Last Updated: March 23, 2016
·
724
· cameron

Better Icon Fonts with Sass

When I think about all of the different ways I've made icons over the past dozen or so years, I start to feel a few different emotions. Old, primarily. But nostalgic? Hardly. We've come a long way, folks.

I'm Going to Talk About Obsolete Stuff For a While

In the (well, my) early days, if I wanted an icon that changed color on hover, I'd make two versions of an icon (icon_check.jpg, icon_check_hover.jpg), and then preload them with Javascript, to prevent my early-2000s-era Internet from causing the button to flicker on hover as the second image was loaded in. (Remember how MM_preloadimages() was on the body tag of half the Internet back then? Yeah, that.)

Swing on down to the heady days of 2004: A List Apart publishes an article on CSS sprites. That article changes everything. I start dropping every version of every icon into one gigantic image, each positioned via boatloads of background-position coordinates scattered throughout my CSS. Hooray for progress!

Fast forward a handful (okay, a lot) of years, and RETINA SCREENS appear. Congratulations, your icons now look like blurry crap! I sigh heavily, admit that spritesheets always felt kind of hacky anyway, and accept a future in which I must redraw every icon at @2x and even @3x sizes. So now instead of maintaining one spritesheet of 20 icons, I now maintain 40 separate images. Hooray, for, uh, progress?

Okay, This Is The Useful Part

But it's 2015, and thankfully, we've since moved on from those dark times. Icons are generally vector data now, allowing for unlimited rescaling and recoloring. Font Awesome and other prebuilt icon fonts are there for the taking, reducing a decade's worth of technical knowledge to semi-nostalgic-blog-post status.

I generally prefer to start from scratch on new projects rather than tossing in an entire icon library, and Fontastic has been our tool of choice for creating custom icon fonts. I'm not crazy about the CSS it spits out, though – the globs of repeating code it generates (a separate CSS class for each icon, etc. etc. is just begging for some Sass streamlining.

So let's go for it! First of all, characters map to icons, which is the perfect job for a Sass map:

$icons: (
  "plus": "a",
  "minus": "b",
  "email": "c",
  "arrow-right": "d"
);

Now that we've set up a map, each new icon is just a new line in the map. Everything else we're going to do can remain the same, which makes me happy.

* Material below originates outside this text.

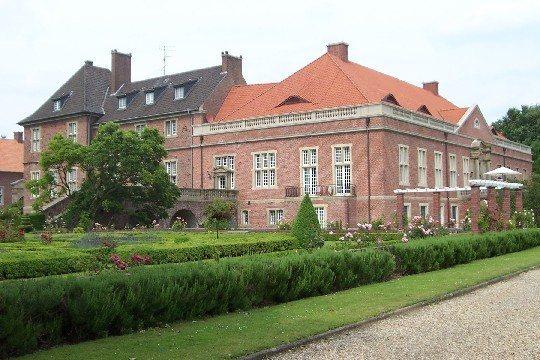 Schloss Kalbeck: A Historicist Estate in Germany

Next up, here's a set of icon mixins that append the icon as either a :before or :after element, with the actual inclusion code abstracted into its own mixin in case we need to inject it in different ways:

// if we just need the content attribute

@mixin icon-content($icon) {
  content: map-get($icons, $icon);
}

// if we need the content attribute with our default styling

@mixin icon($icon) {
  display: inline-block;
  vertical-align: middle;
  text-transform: none;
  font-family: "my-sweet-icons";
  @include icon-content($icon);
  font-weight: normal;
}

// if we want it in a :before or :after, with some default spacing

@mixin icon-after($icon) {
  &:after {
    @include icon($icon);
    margin-left: 1rem;
  }
}

@mixin icon-before($icon) {
  &:before {
    @include icon($icon);
    margin-right: 1rem;
  }
}

And finally, let's generate a set of classes, for situations where we don't want to inject the icon directly via a mixin.

// generates .icon-plus, .icon-minus, and so on

@each $icon, $char in $icons {
  .icon-#{$icon} {
    @include icon-before($icon);
  }
}

There we are. Regardless of your chosen font generation method, this method allows you to update your icon font with a simple change to your $icons map, and allows you to drop in your icon at your leisure via mixin or class. Check back in 2020 when all of this becomes obsolete! We'll laugh and laugh, you and I.